View on GitHub

lambda.mg

puchka's blog

Malagasy Web Crawler

30 Apr 2017

The idea came when I searched for corpora for the project I’m currently working in my intership.

I came across a fastTex pre-trained models built by Facebook Research.

I wrote about an experiment around it in a blog post in Malagasy Using model built with malagasy language in the malagasy digitial community blog.

These models was trained on Wikipedia for 90 languages including Malagasy.

I found when experimenting with this model that it has less quality than for example the Google News corpus model povided by Google that was trained on Google News 3 billions running words corpus.

When searching in large list of corpora too, I didn’t find mention to Malagasy.

Beside this fact, I found that malgasy web sites was indexed by some open projects crawling and archiving of the Web, like Common Crawl and Archive.org.

I get to know it by requesting people in the facebook group facedev.mg to add in comment malagasy websites that they know.

I just found that there was a repository list for malagasy website too : Malagasy sites

By requesting the index of CommonCrawl Index API and Wayback CDX Server API, I get to know that there are crawling records of malagasy web sites.

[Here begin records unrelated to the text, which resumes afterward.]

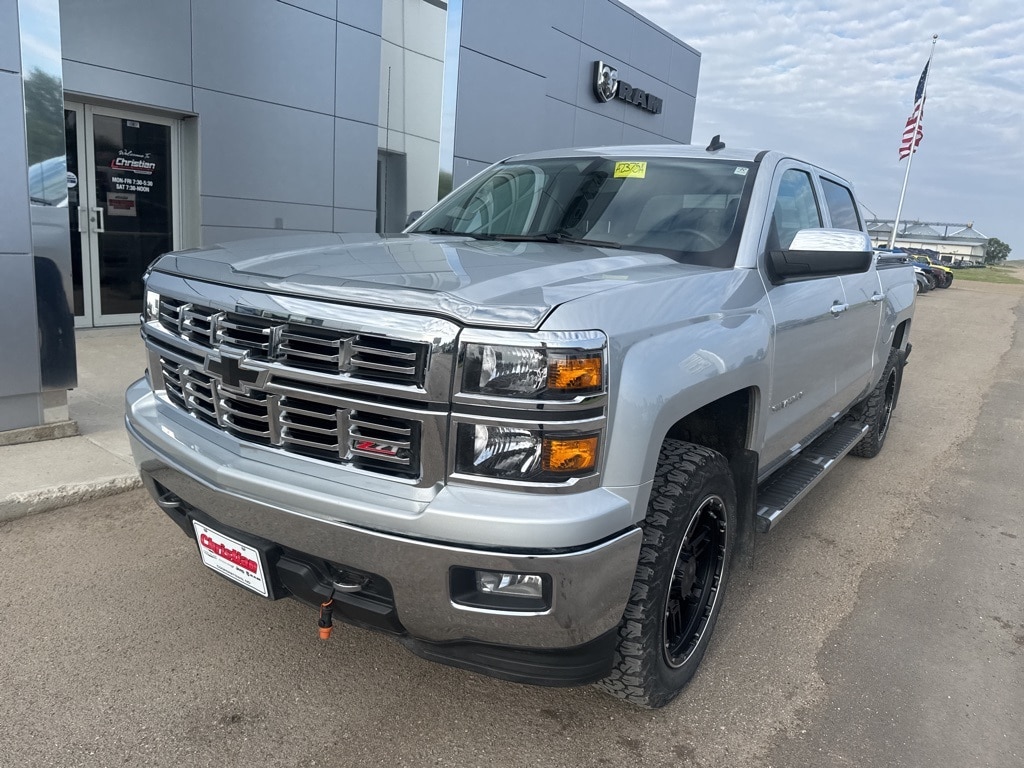 Used 2014 Chevrolet Silverado 1500 LT with VIN 3GCUKREC7EG458477 for sale in Cooperstown, ND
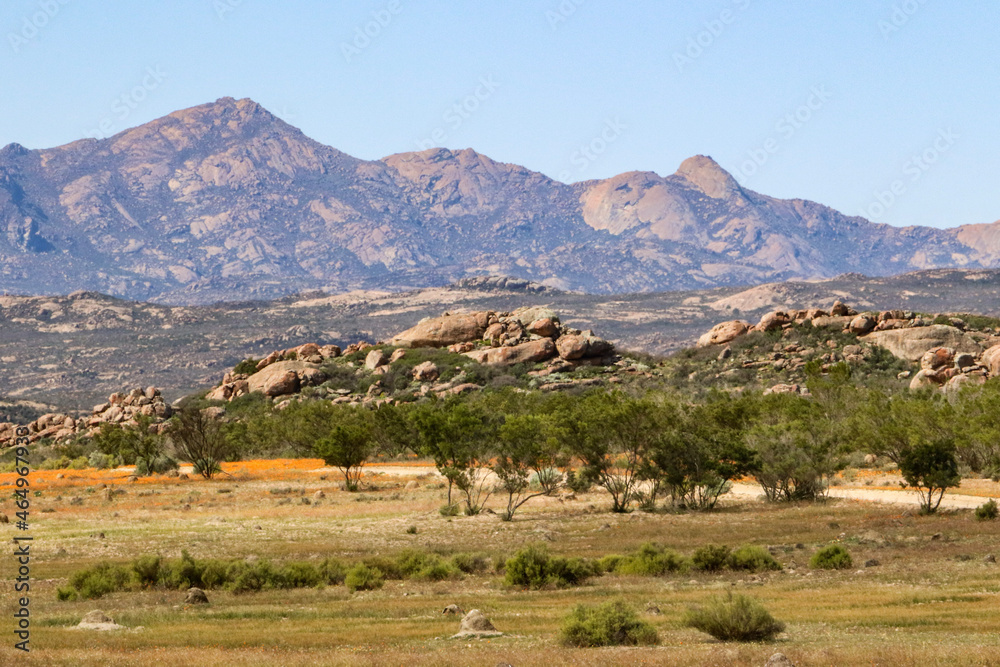 landscape with sky and rocky mountains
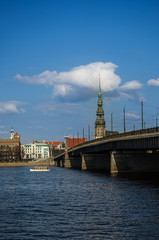 Fototapeta na wymiar view of old Riga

My proposition is to use these already crawled data to begin to build a corpus for malagasy language.

If the interest remaing and if we find use cases of frequently crawling malagasy websites, we can begin to run a crawler targetting malagasy web sites using The CommonCrawl Crawler Engine and Related MapReduce code or Internet Archive’s public Wayback Machine.

But for these, we’ll need some infrastructure resources and operational effort. I hope to engage more people interested to Natural Language Processing to this project.

A priori, the interest should be there according to recent interest to Bot development.